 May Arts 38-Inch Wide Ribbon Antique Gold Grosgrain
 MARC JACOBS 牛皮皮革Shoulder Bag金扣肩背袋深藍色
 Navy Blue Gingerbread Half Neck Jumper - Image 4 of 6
------------
WHAT NEEDS TO BE DONE
All lines from the one containing "MARC JACOBS 牛皮皮革Shoulder Bag金扣肩背袋深藍色" to the last line above should be reproduced exactly, and no other lines should be given.

TASK OUTPUT
 MARC JACOBS 牛皮皮革Shoulder Bag金扣肩背袋深藍色
 Navy Blue Gingerbread Half Neck Jumper - Image 4 of 6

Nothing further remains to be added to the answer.